==== Available data ====
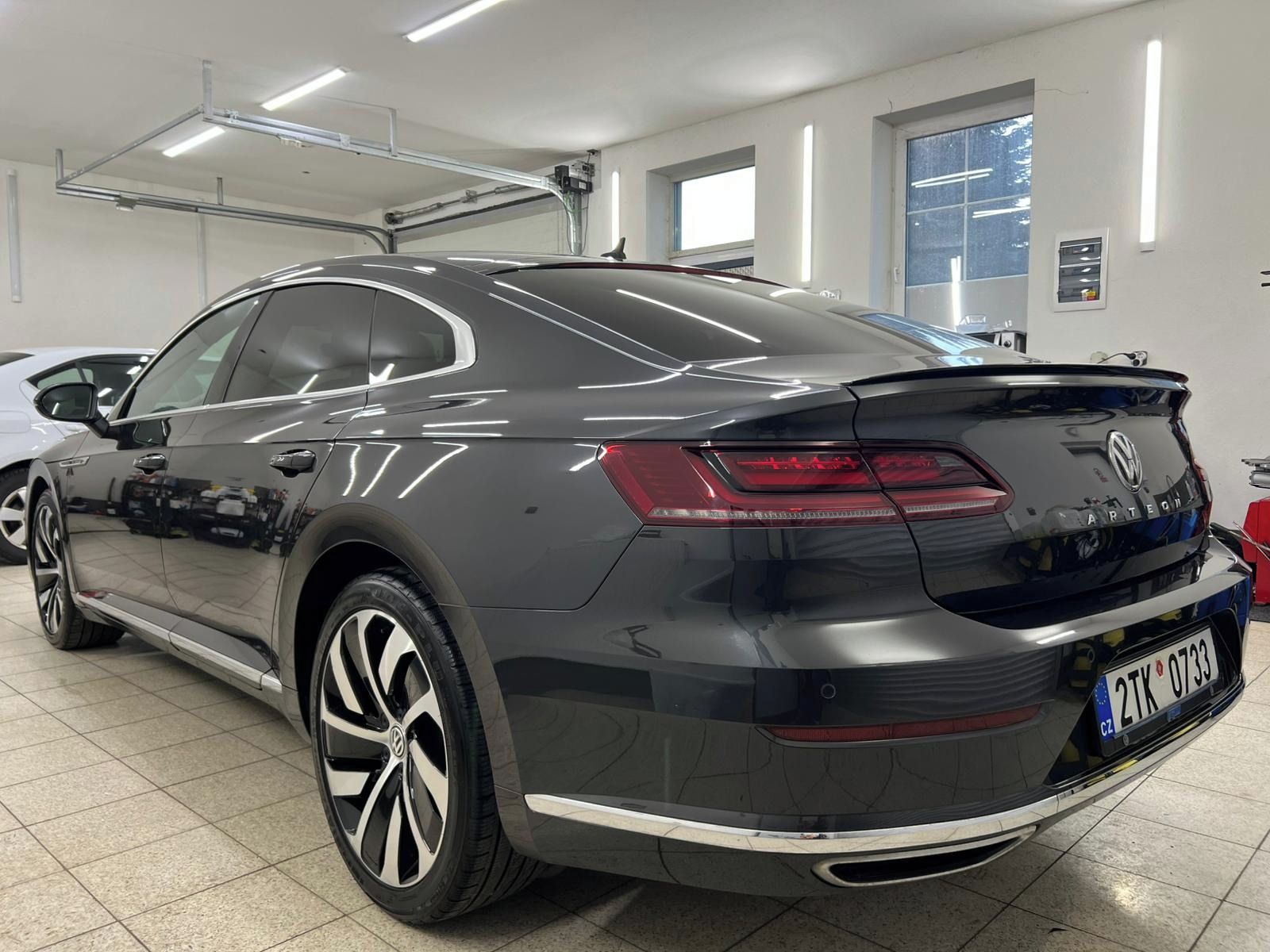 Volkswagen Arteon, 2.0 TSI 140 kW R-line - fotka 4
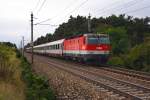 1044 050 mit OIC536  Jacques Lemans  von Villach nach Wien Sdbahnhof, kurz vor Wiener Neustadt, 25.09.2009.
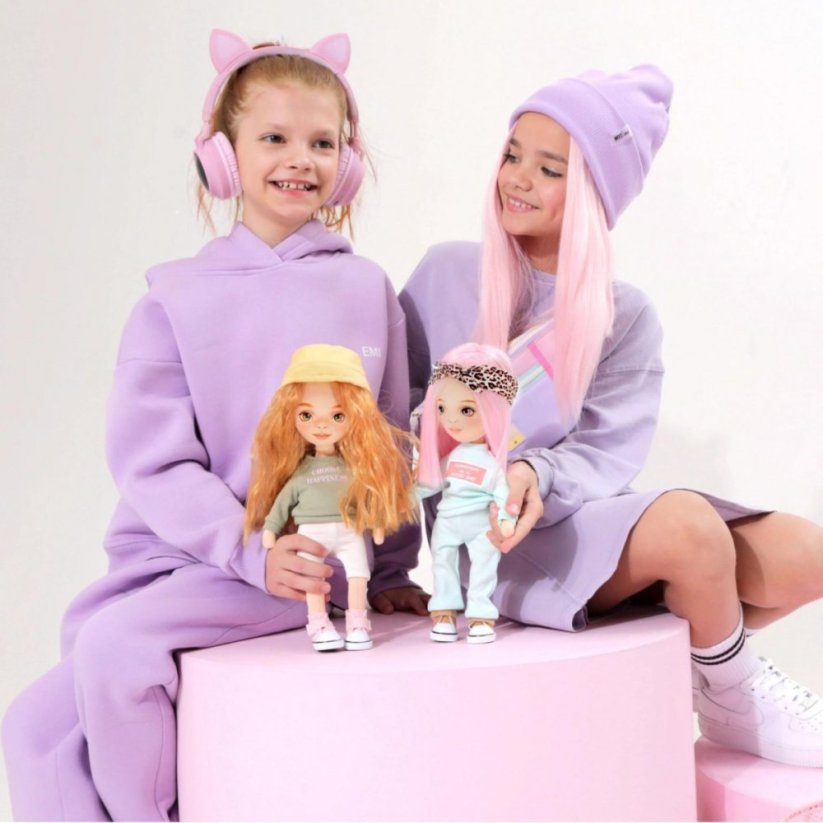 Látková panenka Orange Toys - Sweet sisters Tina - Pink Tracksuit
====
Exercise
Repeat the material exactly as it reads, without any of its pictures.

Answer below
 Volkswagen Arteon, 2.0 TSI 140 kW R-line - fotka 4
 1044 050 mit OIC536  Jacques Lemans  von Villach nach Wien Sdbahnhof, kurz vor Wiener Neustadt, 25.09.2009.
 Látková panenka Orange Toys - Sweet sisters Tina - Pink Tracksuit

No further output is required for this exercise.